A rather wonderful bag of chips is this Korg SDD3000 Digital Delay, all the way from the Keio Corp in Tokyo.
If you're thinking about serious delays these days, forgetting cheap jokes at the expense of our dedicated and hard-pressed public transport personnel, then you really are talking digital. Crisp highs and minimal signal degradation are the principal attractions — and this one's programmable.
What is more, a delay line doesn't just give the obvious tape-echo type effects that you may be familiar with. The multiple functions bedecking the 3000 allow you to stab and poke around flanging, slapback echo, chorus, doubling, all manner of delays, and a, er, mind-blowing range of things in between and beyond which (probably fortunately) remain un-named, except, in my scrawled notes.
In a similar way to a synth, perhaps, the Korg SDD3000 Digital Delay is best considered with a degree of schizophrenia: think of it if you will as a series of discrete sections; but think of it too as an interacting whole. You might even call it an effects synthesizer if the wind's in the right direction.
The thin (under 2 inches deep) rack-mount type front panel hides a deep, extended box (about 17 inches long and 14 inches deep), and on the said panel are an initially bewildering array of colourful control bits and pieces. Let's take them in order left to right, bearing in mind that the other half of our schizoid bonce is keen on the interaction of these sections.
There's an input jack far left, doubling another on the back so you can use it conveniently atop the amp or wired up in home recording mode.
You can fix the input level here, and a bar-graph LED helps you set this accurately. The Programmer section follows. Essentially there are nine programme spaces for you either to write in new sounds or recall (and edit if necessary) existing sounds.

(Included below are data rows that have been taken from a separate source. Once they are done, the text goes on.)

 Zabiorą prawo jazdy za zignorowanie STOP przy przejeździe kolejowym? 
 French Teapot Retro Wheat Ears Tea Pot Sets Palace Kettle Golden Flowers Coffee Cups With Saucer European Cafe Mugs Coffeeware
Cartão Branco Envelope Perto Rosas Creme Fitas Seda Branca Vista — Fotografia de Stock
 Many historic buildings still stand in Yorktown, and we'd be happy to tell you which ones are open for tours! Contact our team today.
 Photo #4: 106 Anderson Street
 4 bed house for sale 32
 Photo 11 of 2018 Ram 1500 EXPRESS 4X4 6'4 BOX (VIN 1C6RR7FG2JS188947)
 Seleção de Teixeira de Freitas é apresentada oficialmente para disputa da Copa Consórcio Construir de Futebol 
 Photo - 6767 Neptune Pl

A display gives you the programme number (0 is manual, where the panel controls are live; 1-9 are programmed sounds with controls in permanent edit) and delay time (all the way from 0 to 1023 milliseconds).
Next comes the Regeneration section, where you can control the sound being fed back on to itself, as it were, both in quantity by the Feedback knob and in quality by a couple of filter switches. There's also a Hold switch to repeat a small section of the regenerated sound.

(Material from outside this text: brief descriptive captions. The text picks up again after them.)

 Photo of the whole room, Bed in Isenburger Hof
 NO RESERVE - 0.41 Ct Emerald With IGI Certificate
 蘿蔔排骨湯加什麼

Modulation allows the basic set-up of sounds beyond mere delays by offering triangle- and square-waves, plus a random voltage and an envelope follower — these help generate chorus, flanging, echo with pitch shift, delays, and doubling. Overall control here is by two pots marked Intensity and Frequency.
Then there's a control for balancing between the effect and the dry sound, a Bypass (ie effect on/off) switch, and a mono output jack. Round the back you can get stereo outs — two types suitable for live or studio work — and a range of footpedal sockets. The supplied double footswitch, while a little stiff, allows you to search through the programmes.

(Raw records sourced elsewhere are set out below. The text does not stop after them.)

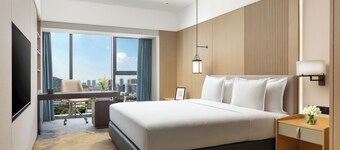 Crowne Plaza Dalian Kerren by IHG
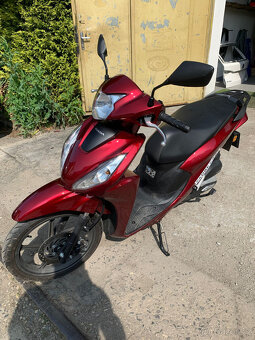 Pronájem skútr Honda Vision - 4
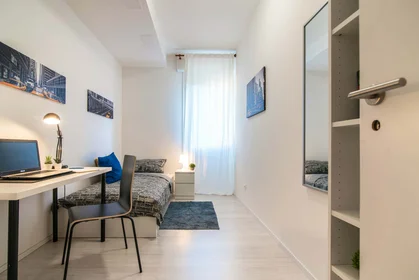 Alquiler de habitaciones por meses en {area}
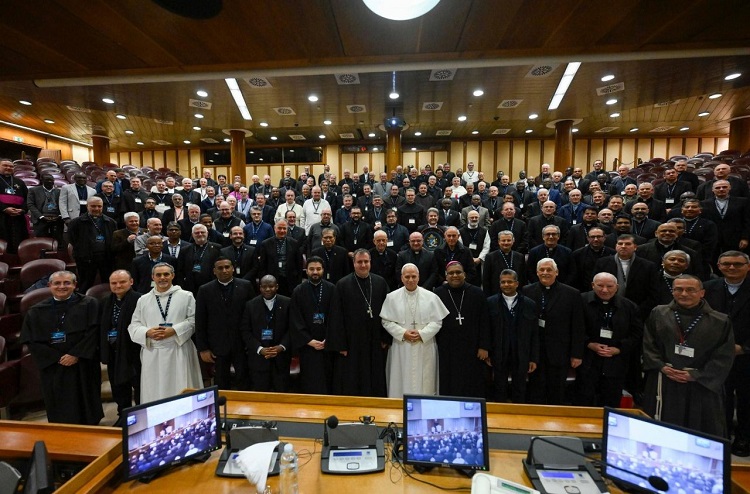 'Cultivar la oración y la fraternidad', el pedido del Papa a los superiores religiosos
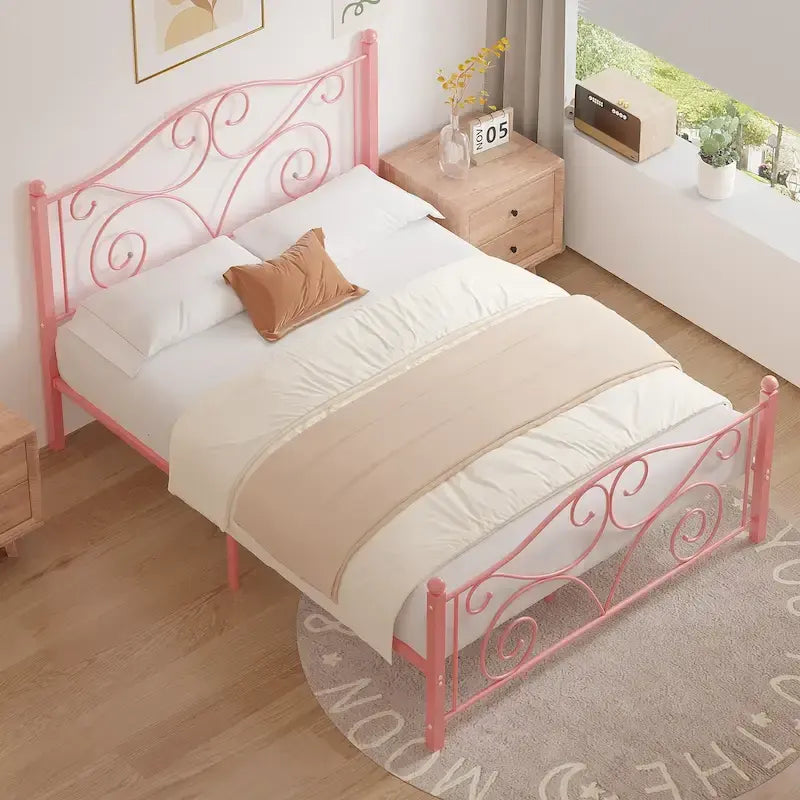 Struttura letto in metallo Javlergo con testiera e pediera arcuate, supporto per doghe in acciaio resistente, non necessita di box spring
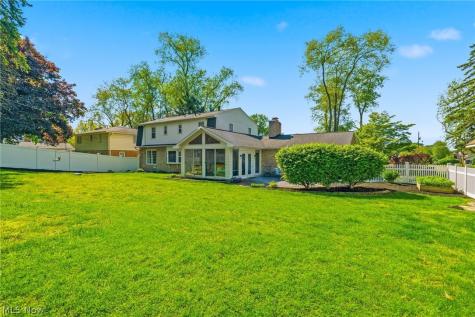 1471 Stonington Road NW North Canton OH 44720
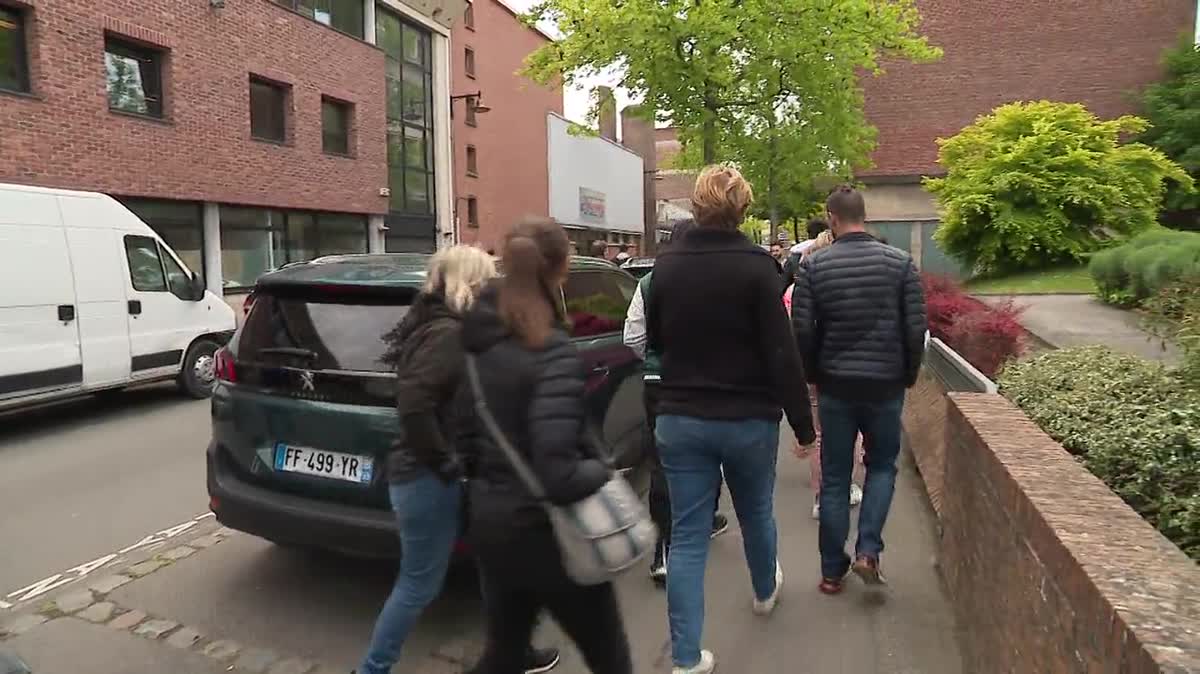 Délégation de kinésithérapeutes devant la CPAM de Valenciennes.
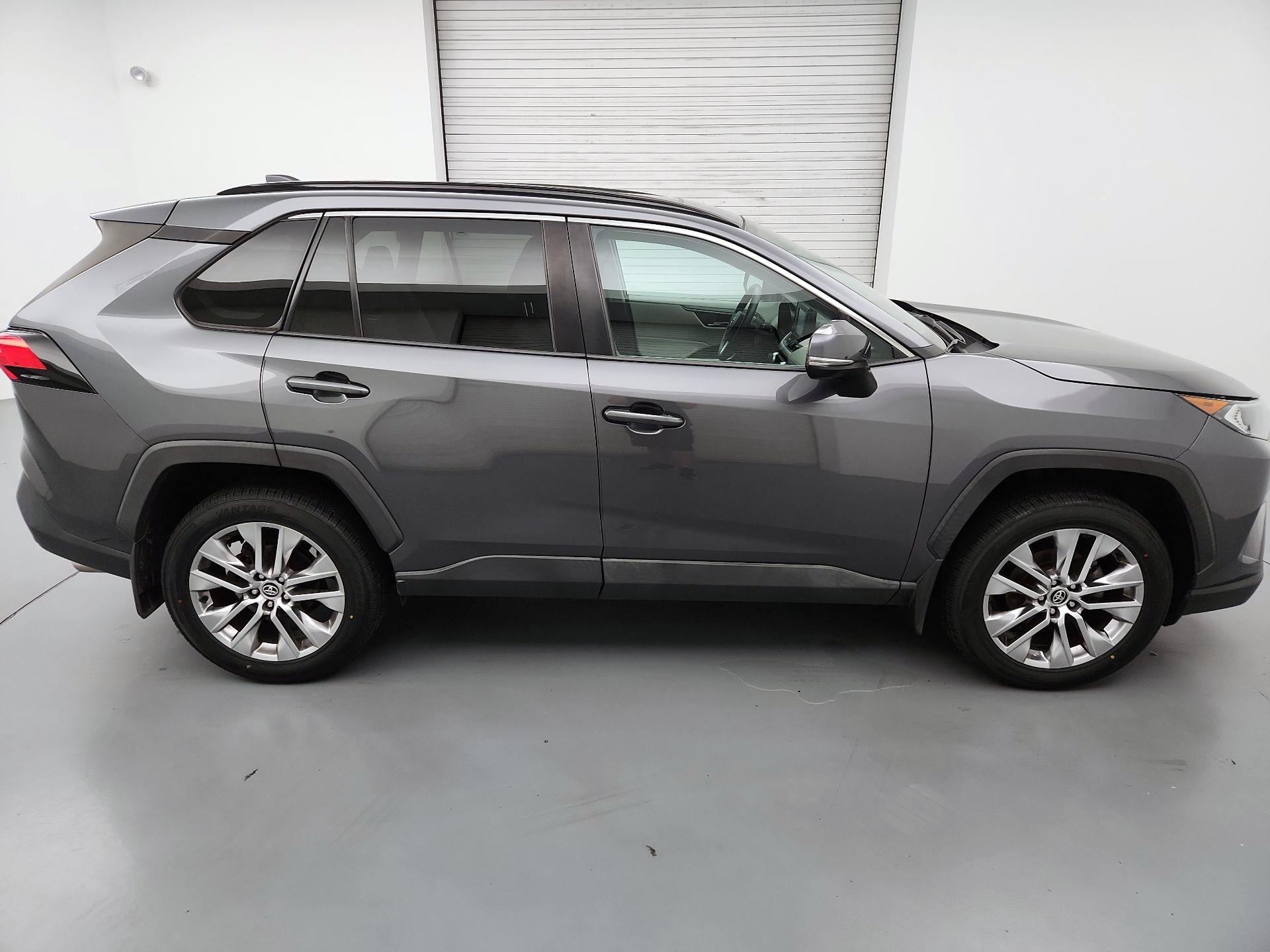 Thumbnail: 2021 Toyota RAV4 - 4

Optional single footswitches would allow you to control the Hold repeat function and, rather more importantly live, the Bypass control. There's also a socket to link up a control voltage for the Modulation section.
Versatility is the key. Nine programmes give you enough room for manoeuvre — the 3000 comes with a range of pleasant factory-set programmes in the nine spaces, though I was quickly editing and writing new ones — "improving" them, of course. A healthy side effect of using the 3000 is the opening up of the mysteries of the constituent parts of all these effects — I learnt enough about the application of delay times alone to last me, oh, 1023 minutes at least.
You'll need to note programmes down (there's some space in the copious manual) as panel settings are held in the program memories without, obviously, being able visually to demonstrate themselves to the user. The programme display number grows a dot as soon as you start to edit — ie touch the controls — and you have to leave that programme and return to it to get back to the memory setting.
A single reset button could've helped here. Also I would have liked a supplied footswitch for the handy Bypass switch, and maybe even a method of dumping and saving programmes on to cassette (possible?).
What I'd really like, he said, warming to the subject, is an extended aide-memoire display with room to tell me I'd selected the sound of MY BATHROOM, or ALBERT HALL, or AIR MONTSERRAT, and so on. Till then, this'll do just fine — and you'll get 5p change out of a grand, by the way.